While the IRS may not be widely known for being cool, they are actually not the worst when it comes to allowing you to correct mistakes (so long as you’re not a mob boss). Yes, there may be penalties, but it beats the alternative if you get busted for one of the many tax crimes. Heck, sometimes, you may actually get back money you shouldn't have paid.
Simply put, if you failed to disclose income to the IRS, or claimed deductions or exemptions you are not entitled to, then amending might be a good idea, and you should probably consult with a tax attorney about doing so as soon as possible. Whether you just made an error, or didn't discover the income until after you filed, the longer you wait to amend, the more severe the financial penalty will be if you owe additional taxes. But, as noted, amending can ensure that the financial penalty doesn’t get any worse, and doesn't turn into a criminal penalty.

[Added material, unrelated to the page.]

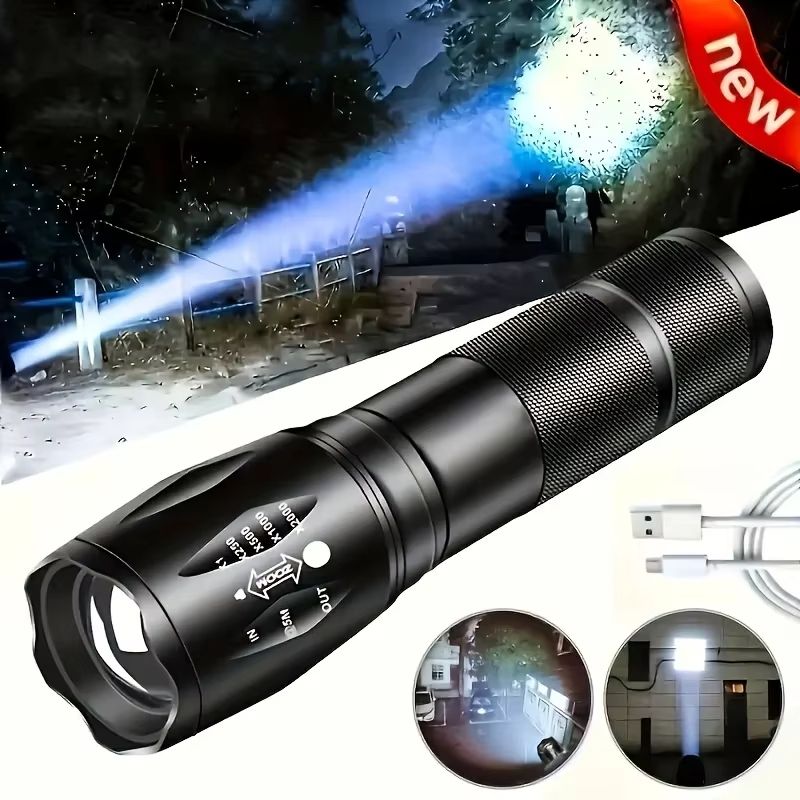 Zoomable High-Intensity LED Tactical Flashlight with 5 Modes, Waterproof and Portable for Camping, Hiking, Outdoor Adventures, and Emergency Situations Doba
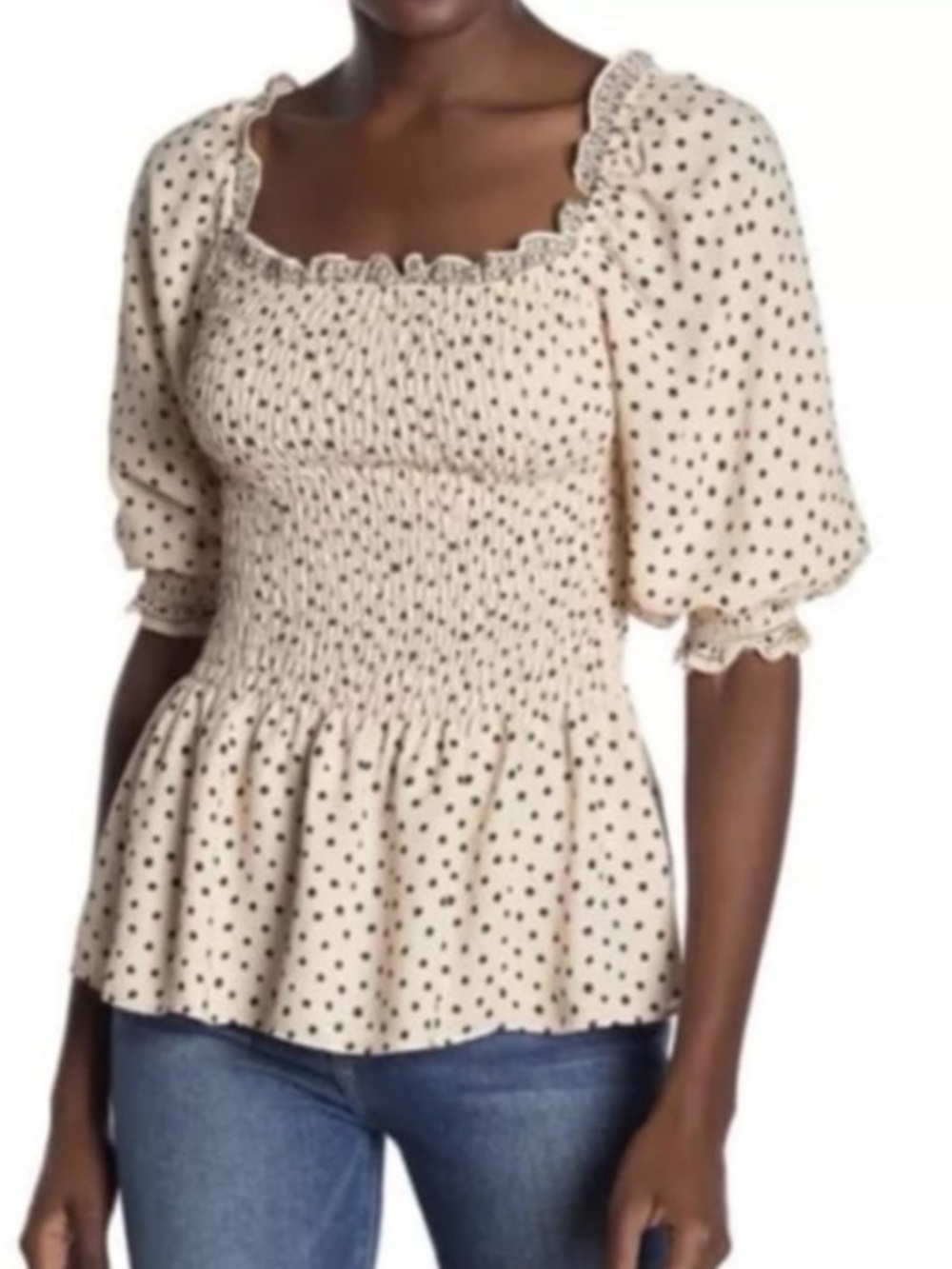 Max Studio Smocked Puff-Sleeve Dotted Spotted Top - Cream/Black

Perhaps the best reason to amend a return is if you discovered that you left money on the table in previous years. For instance, newly employed college grads often do not know that student loan interest is deductible, and may have not included that information on their returns. Luckily, if you are owed additional money from mistakes, so long as you amend within three-years, the IRS will actually still cut you a check.
If you simply made a miscalculation, or forgot to include a tax form, you probably don't need to amend your taxes. The IRS will more than likely catch it, notify you, ask for more info, and ask for more money, if the mistake requires. If the mistake wasn't a mistake at all, you might want to have a consult with a tax attorney.
If the IRS doesn't catch the error, then you may still consider filing an amendment then so as to prevent the future risk, or to get back the money you are owed.